◆ Directions:
From the line with "Derbi Pro The Auto Doctor" to the final line of the data below, please write out every line exactly, with no pictures.

(Entries shown Opens)

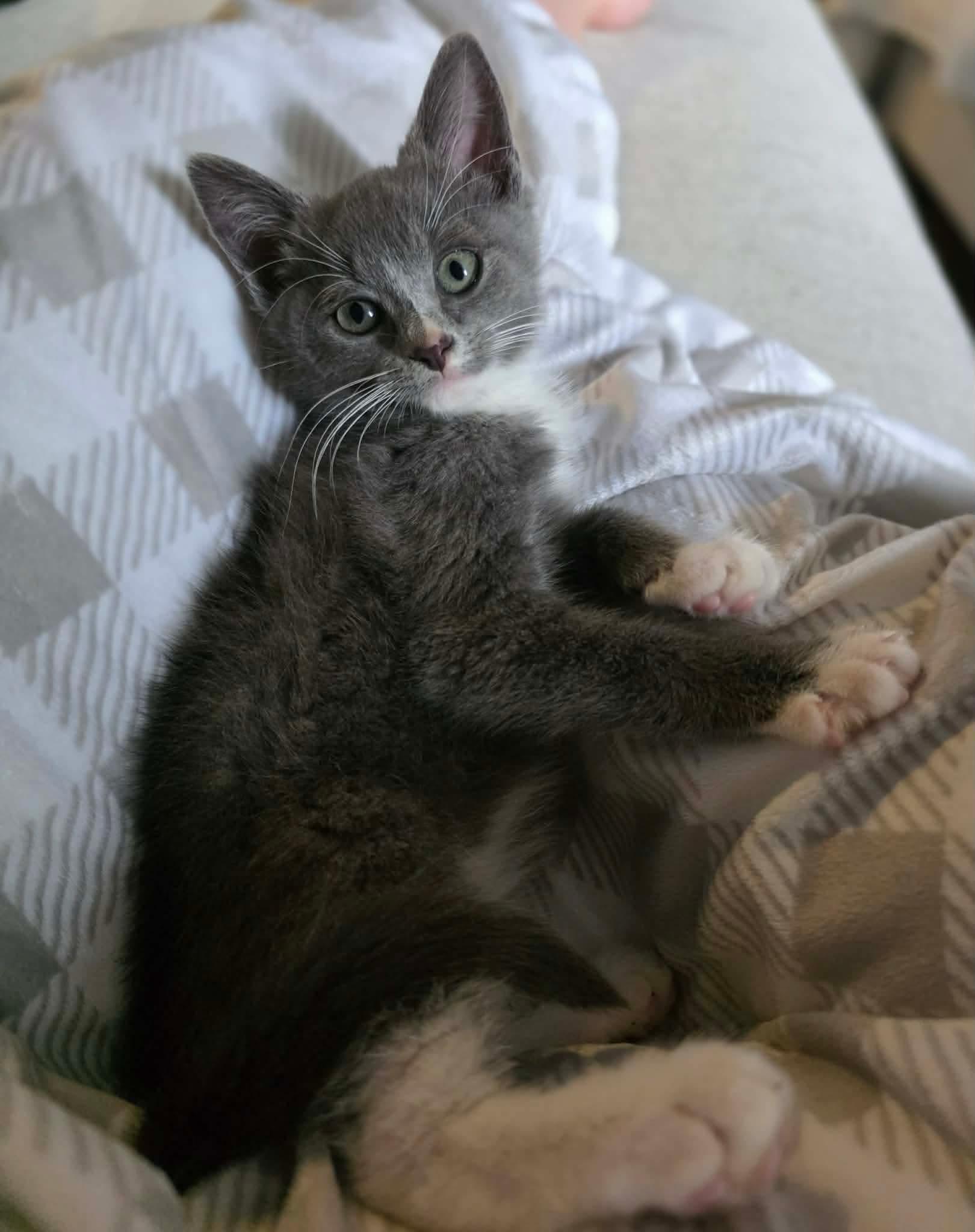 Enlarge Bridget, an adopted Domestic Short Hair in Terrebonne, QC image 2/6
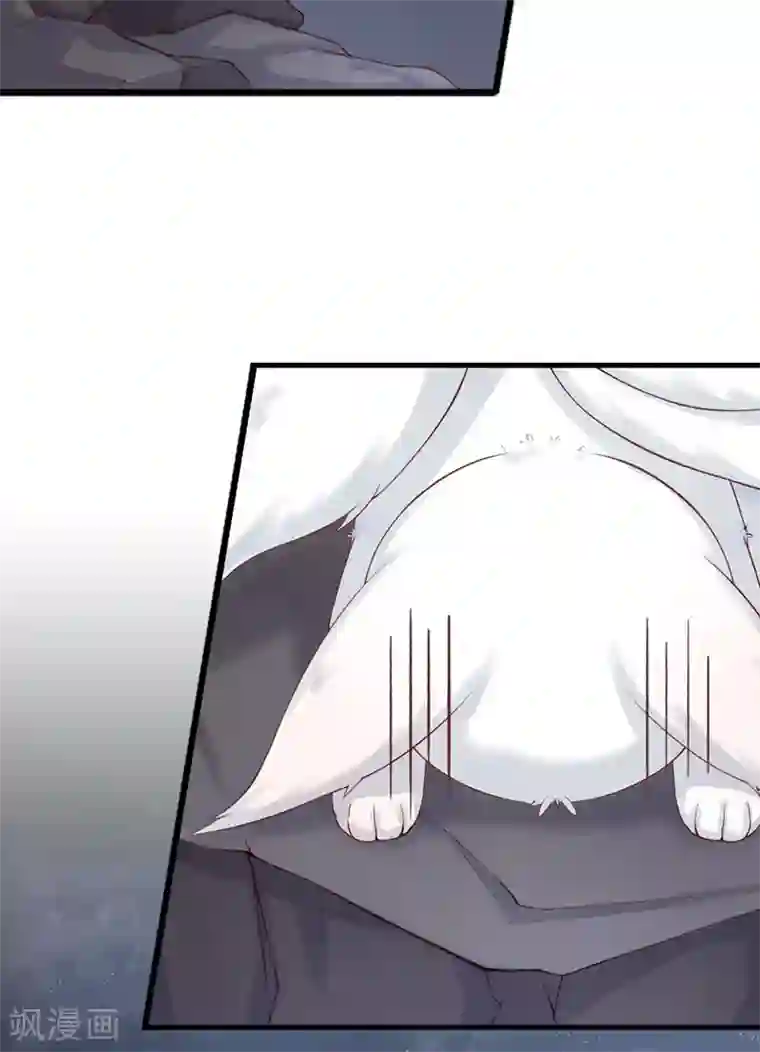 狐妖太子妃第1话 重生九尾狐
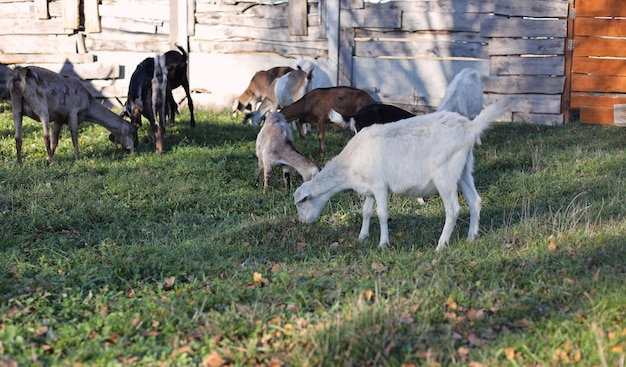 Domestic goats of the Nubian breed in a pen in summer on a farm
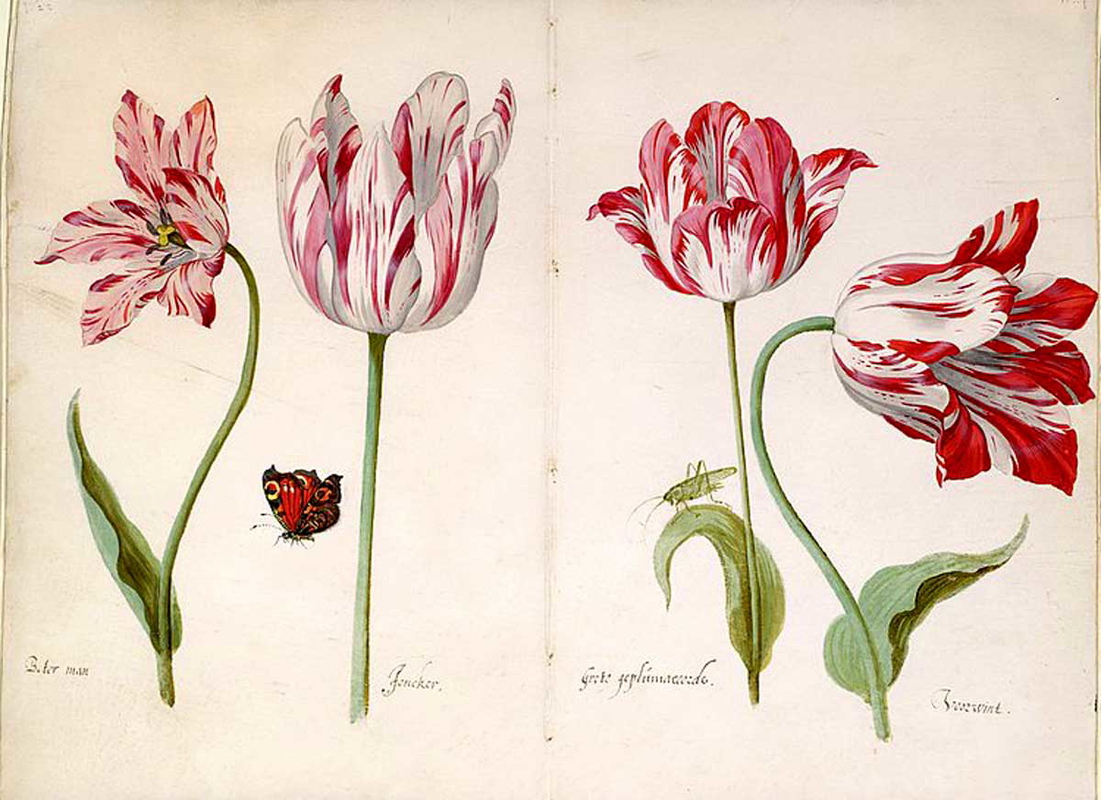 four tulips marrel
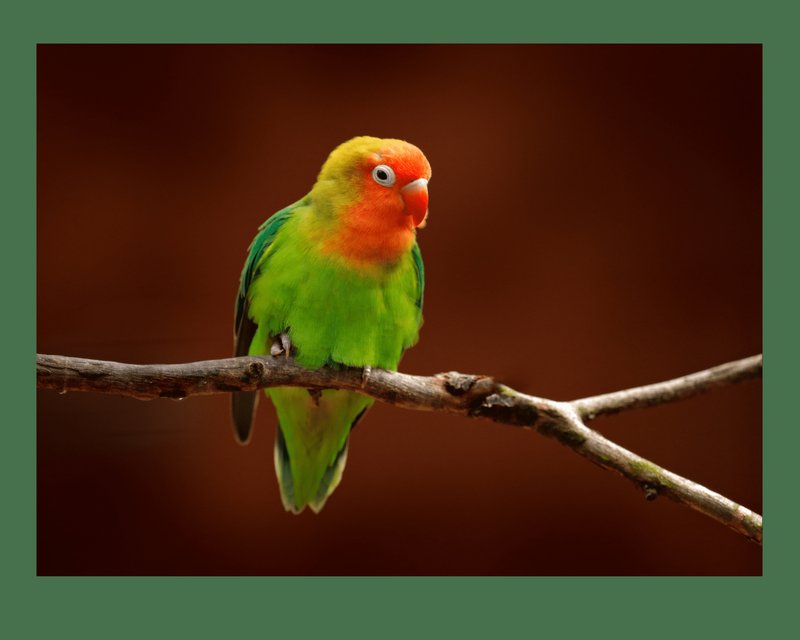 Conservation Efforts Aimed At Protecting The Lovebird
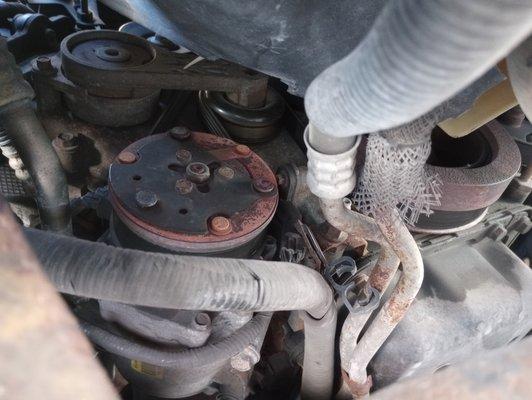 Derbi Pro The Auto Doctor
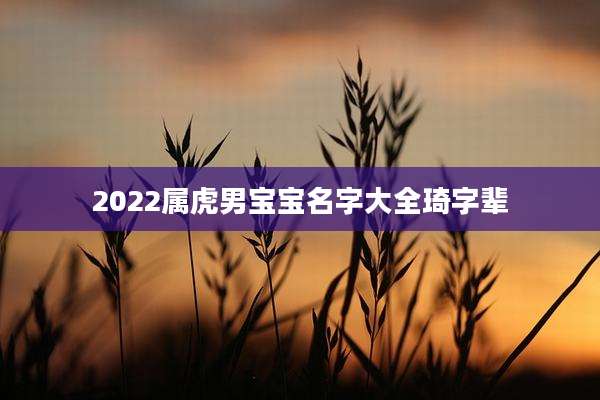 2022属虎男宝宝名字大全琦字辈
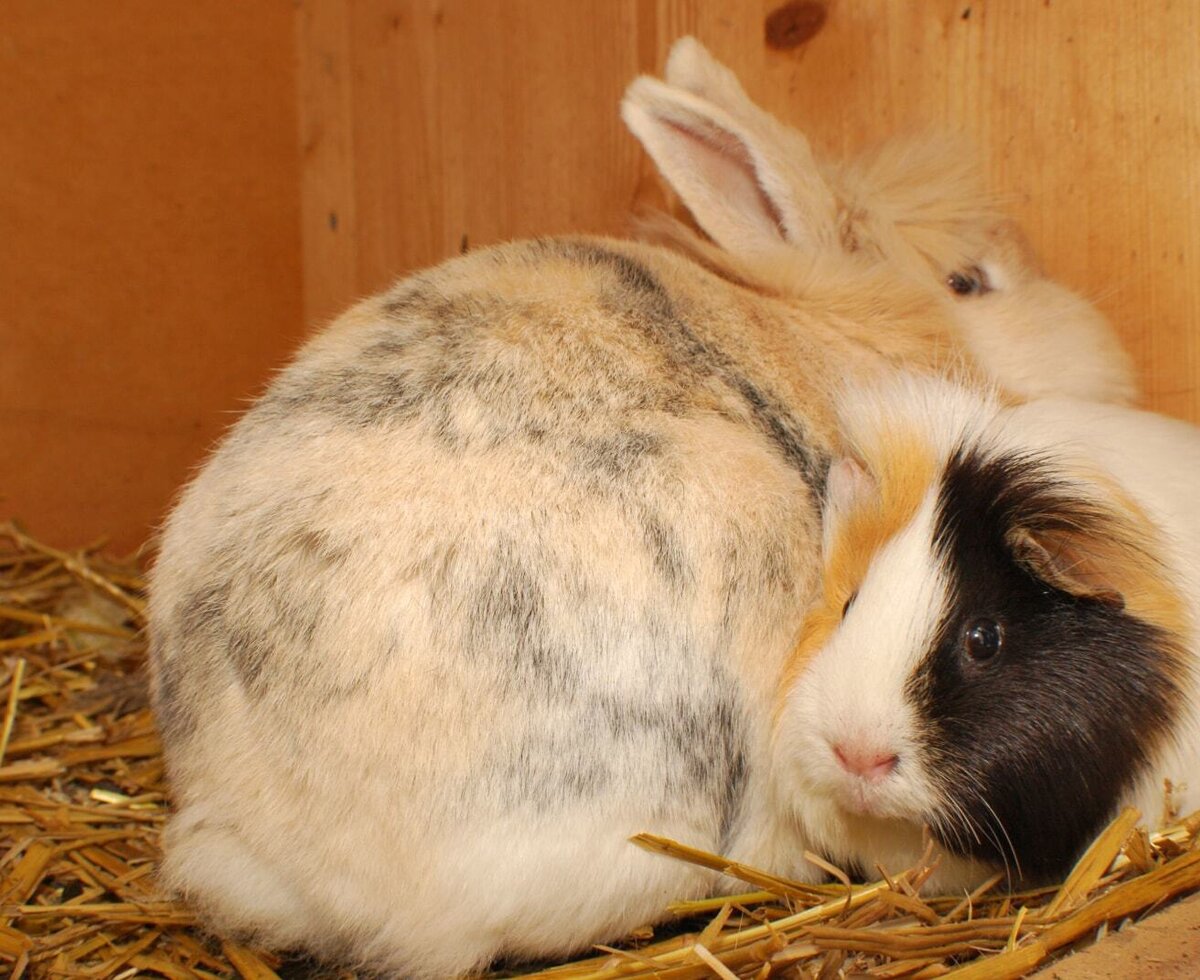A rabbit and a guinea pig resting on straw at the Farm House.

(Entries shown Closes)

◆ Answer section:
 Derbi Pro The Auto Doctor
 2022属虎男宝宝名字大全琦字辈
A rabbit and a guinea pig resting on straw at the Farm House.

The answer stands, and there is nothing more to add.